This week we explore the transitions I’ve had to go through in my life as it relates to my ability to get out into the world and do ordinary things like enjoying a movie with my friends. It’s based on an essay I wrote for my writing seminar. Note there are lots of movie clips in the YouTube version of this week’s podcast so you might want to watch it on YouTube.

Hi, this is Chris Young. Welcome to episode 51 of Contemplating Life.

I planned to get back to the stories about my college days at IUPUI. But this is movie awards season. The Golden Globes will have already been awarded by the time you see this. Oscar nominations come out January 27 (not the 17th as I said in the video) and the Oscars will be awarded March 10. I hope to be able to see all of the Best Picture-nominated films and review them here as I did last year. I’ve already started watching some of the contenders. To prepare for my Oscar reviews, I want to spend an episode or two talking about what movies mean to me.
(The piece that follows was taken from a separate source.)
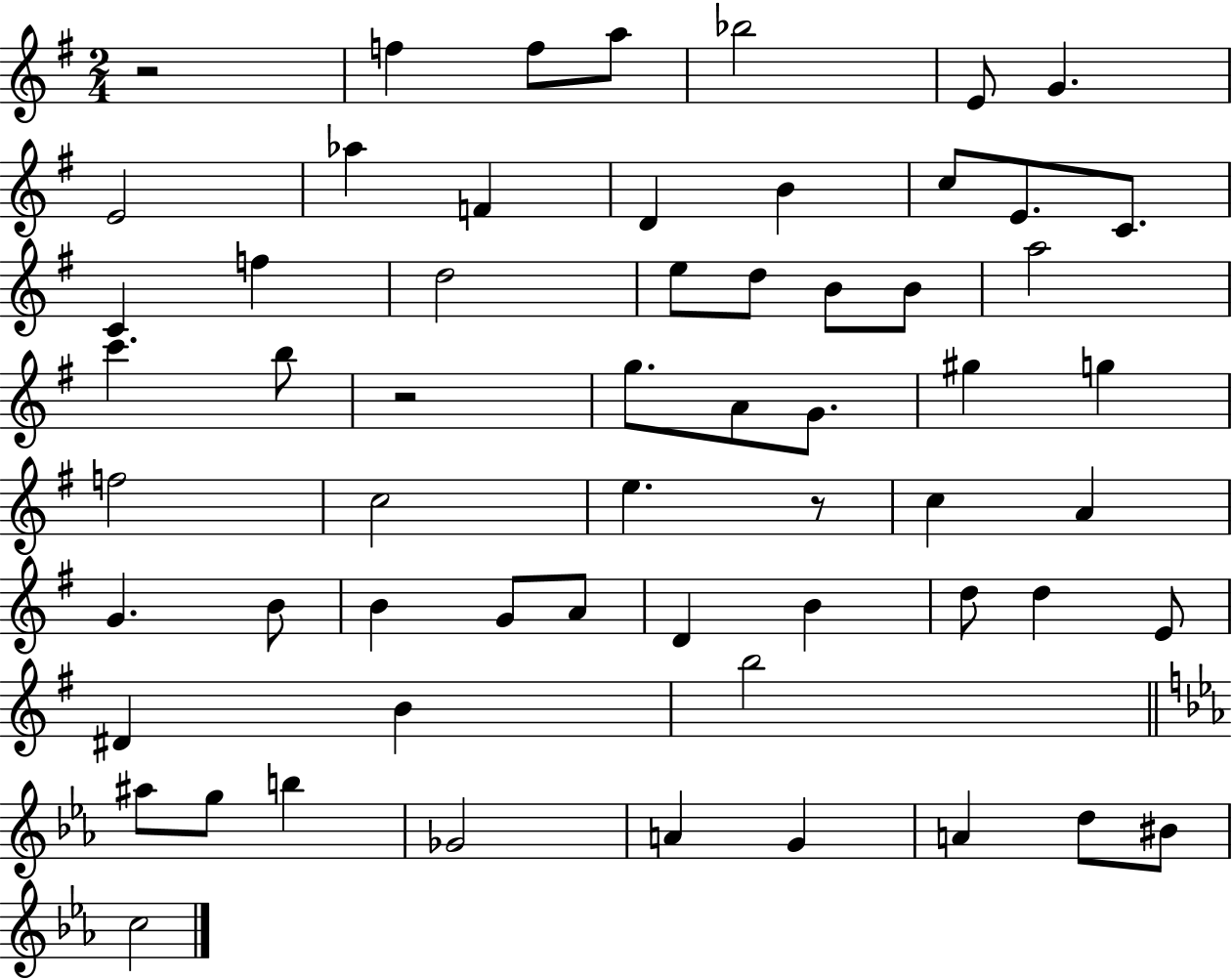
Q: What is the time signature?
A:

Today’s episode is based on an essay I wrote for my writing seminar. We were told to write about a character in transition. I chose to write about the various transitions I’ve had to go through in dealing with my disability and the effect it has had on my independence and my ability to enjoy entertainment. My writing instructor, award-winning sci-fi author David Gerrold, had high praise for this essay and several of my fellow students had nice words about it so I hope you enjoy it as much as they did.
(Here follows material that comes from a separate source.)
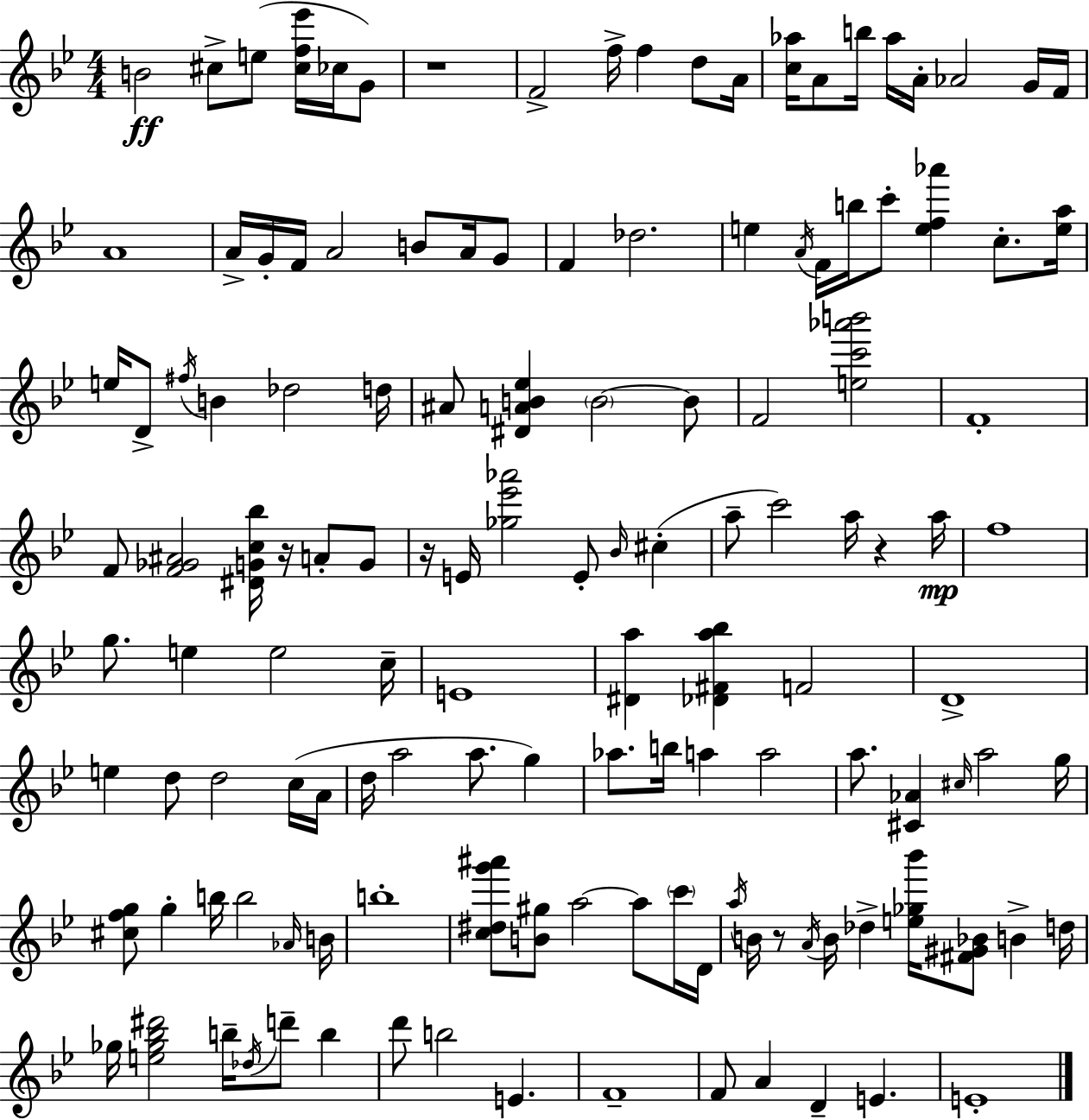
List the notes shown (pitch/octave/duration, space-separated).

B4/h C#5/e E5/e [C#5,F5,Eb6]/s CES5/s G4/e R/w F4/h F5/s F5/q D5/e A4/s [C5,Ab5]/s A4/e B5/s Ab5/s A4/s Ab4/h G4/s F4/s A4/w A4/s G4/s F4/s A4/h B4/e A4/s G4/e F4/q Db5/h. E5/q A4/s F4/s B5/s C6/e [E5,F5,Ab6]/q C5/e. [E5,A5]/s E5/s D4/e F#5/s B4/q Db5/h D5/s A#4/e [D#4,A4,B4,Eb5]/q B4/h B4/e F4/h [E5,C6,Ab6,B6]/h F4/w F4/e [F4,Gb4,A#4]/h [D#4,G4,C5,Bb5]/s R/s A4/e G4/e R/s E4/s [Gb5,Eb6,Ab6]/h E4/e Bb4/s C#5/q A5/e C6/h A5/s R/q A5/s F5/w G5/e. E5/q E5/h C5/s E4/w [D#4,A5]/q [Db4,F#4,A5,Bb5]/q F4/h D4/w E5/q D5/e D5/h C5/s A4/s D5/s A5/h A5/e. G5/q Ab5/e. B5/s A5/q A5/h A5/e. [C#4,Ab4]/q C#5/s A5/h G5/s [C#5,F5,G5]/e G5/q B5/s B5/h Ab4/s B4/s B5/w [C5,D#5,G6,A#6]/e [B4,G#5]/e A5/h A5/e C6/s D4/s A5/s B4/s R/e A4/s B4/s Db5/q [E5,Gb5,Bb6]/s [F#4,G#4,Bb4]/e B4/q D5/s Gb5/s [E5,Gb5,Bb5,D#6]/h B5/s Db5/s D6/e B5/q D6/e B5/h E4/q. F4/w F4/e A4/q D4/q E4/q. E4/w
Recently, on the Friday between Christmas and New Year’s, I went to the movies with my friends Rich and Kathy Logan. We saw “Aquaman and the Lost Kingdom”. It was pretty good but after a while, all of the superhero movies tend to feel alike. It was worth the trip to the theater and I really enjoyed the 3D but overall it probably wasn’t that great of a movie.

I guess that for most of you, going out to your local Cineplex and catching a film with your friends is something you take for granted. For me, I can’t do that. Every time I go to the movies, somewhere in the back of my mind is the idea that it might be my last time. I’m not talking about my own mortality here. Someday, we’ll all see our last picture show. We know not the day nor the hour when that will happen.
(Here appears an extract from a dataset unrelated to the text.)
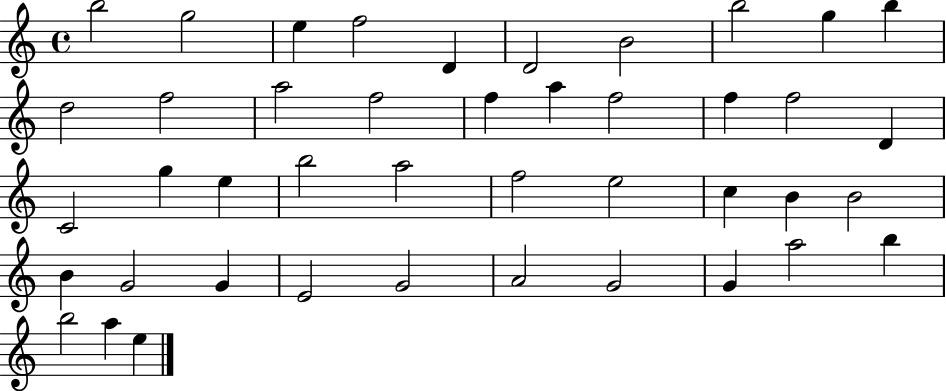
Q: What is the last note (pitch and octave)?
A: E5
I’m talking about my ability to get out of the house and see a movie in a theater. There’s something special about seeing movies on the big screen with multi-channel digital surround sound, especially in IMAX or IMAX 3D. As the IMAX marketing phrase says, “Watch a movie or be a part of one.” Movies have the capability of transporting me to places, real or fantastic, that I could not go otherwise. It’s wonderful that we have access to so much entertainment via cable and streaming but nothing replaces the magic that happens when you see a film in a theater with a crowd of people. The reason that such an event is so precious to me is that on more than one occasion, it felt like it might be the last time I ever had that opportunity.

I’ll never forget the day back in 1979 when I had such an experience.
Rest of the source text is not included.